When Lincoln issued the Preliminary Emancipation Proclamation in September 1862, the Copperheads were apoplectic—although it did give them the satisfaction of saying “I told you so.” The Emancipation Proclamation confirmed their worst suspicions of what they thought was the true agenda of Lincoln and the Republicans: freeing the slaves. Democrats performed well in the off-year elections six weeks later, but Republicans held their own. The Republicans lost seats in Congress, governorships in New York and New Jersey, and legislatures in Indiana and Lincoln’s home state of Illinois, both of which went to the Copperheads. But Republicans had not lost as much ground as parties in power generally had in congressional elections. --
Lincoln’s Critics: The Copperheads, Jennifer L. Weber, Journal of the Abraham Lincoln Association, Winter 2011 (Long read)

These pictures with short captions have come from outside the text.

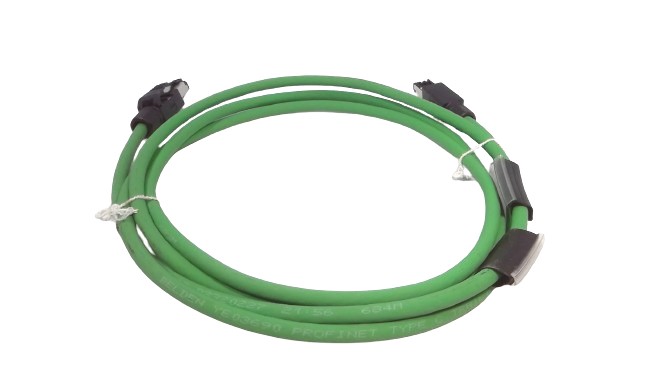 BELDEN 0985 S4742 502/2M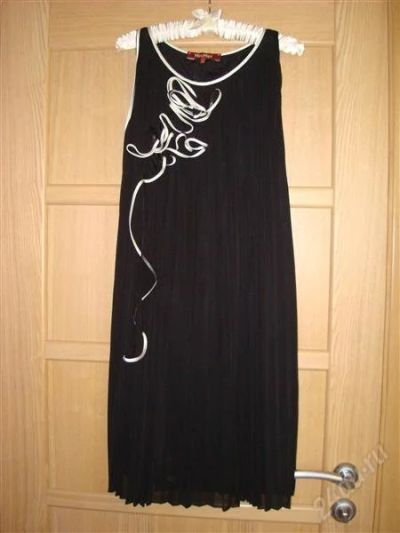 Лот: 1107589. Фото: 1. Платье "Max Mara" (S). Платья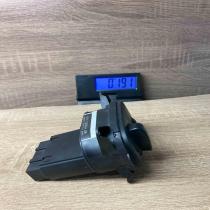YC1T 13A024 DB 498610  Light switch Ford Transit
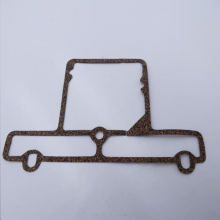 Joint liège cache allumage 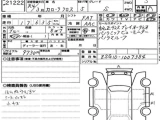 ​TOYOTA COROLLA CROSS 1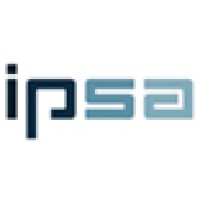 IPSA Logo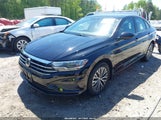 VOLKSWAGEN JETTA 1.4T R-LINE/1.4T S/1.4T SE 3VWC57BU6MM000964 fotografie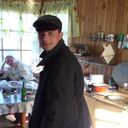 ���������� �����-���������, ���� ������� ����, 38 ���, ������������ ��� ������, ����� � ���������, c�������� ���������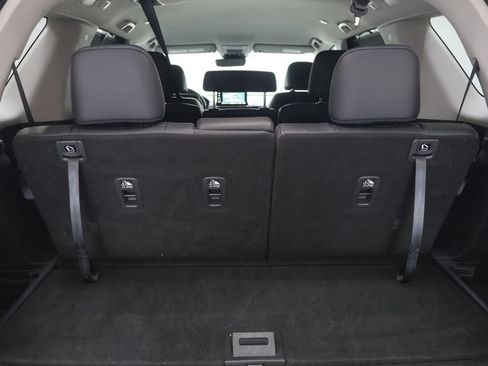 Used 2023 Honda Pilot EX-L image 14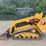 2020-caterpillar-259d3-image-2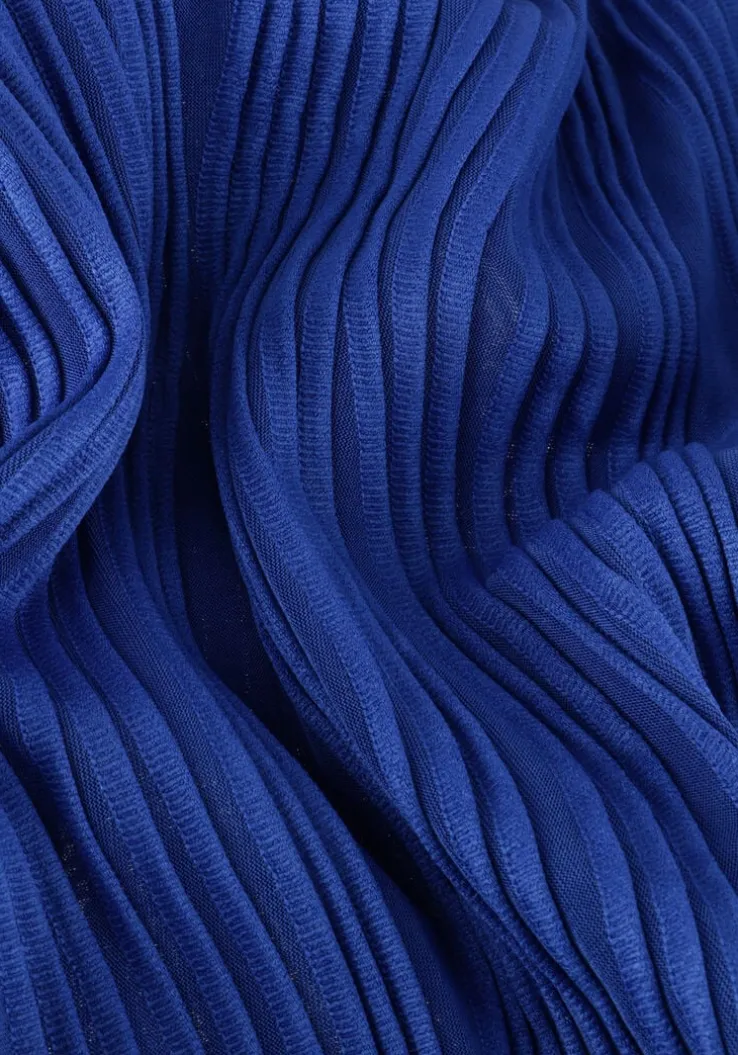 blauwe moves tops & t-shirts fienne 2935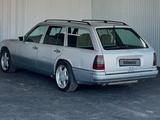 Mercedes-Benz E 280 1995 годаүшін2 400 000 тг. в Шымкент – фото 5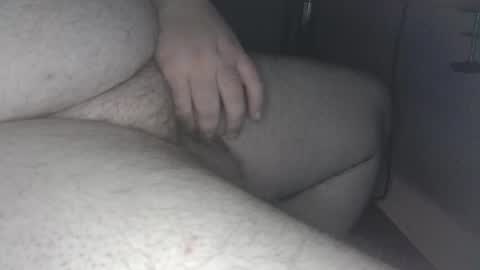 Snapshot of littlepeniscanadian chatting on October 5, 2025, 5:50 am littlepeniscanadian online show from October 5, 2025, 5:50 am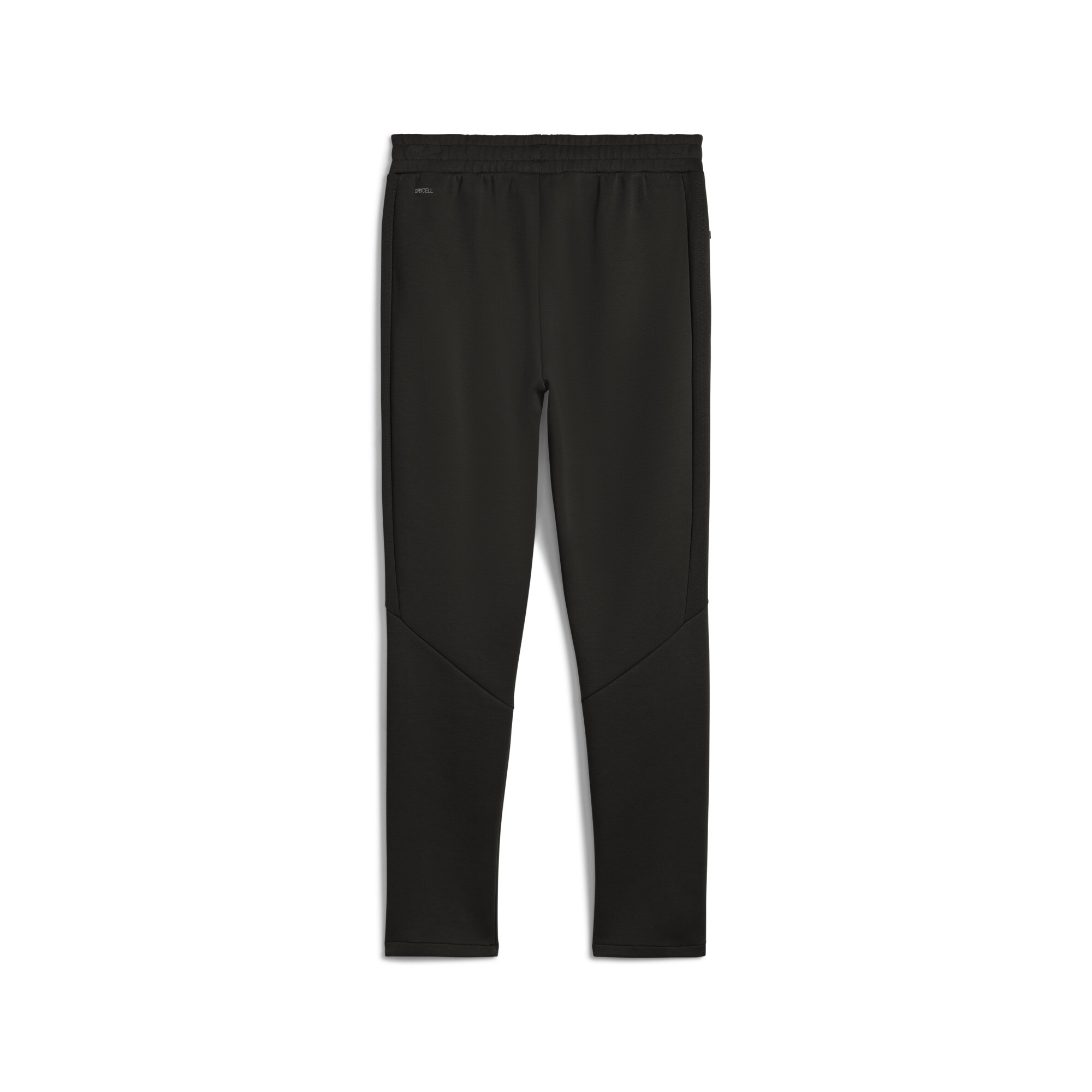 Штани Puma Evostripe Pants Dk Op (68461401) - фото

As for the Constitution, almost from the beginning the binding of states to the union was questioned. Before the Civil War settled the matter by force of arms, three earlier threats of secession were waved about with varying resolve. James Madison and Thomas Jefferson arguably formed the states' rights-compact doctrine in the Virginia and Kentucky Resolutions of 1798. New England Federalist toyed with the idea of withdrawing from the Union at the Hartford Convention in 1814. Squabbling over expansion which resulted in the 1820 Missouri Compromise saw secession threats. And in the 1830s South Carolina went to the brink of secession over tariffs.
The Civil War was fought on questionable constitutional grounds, but the preservation of the Union, the Emancipation Proclamation, and the 13th Amendment morally justified the outcome.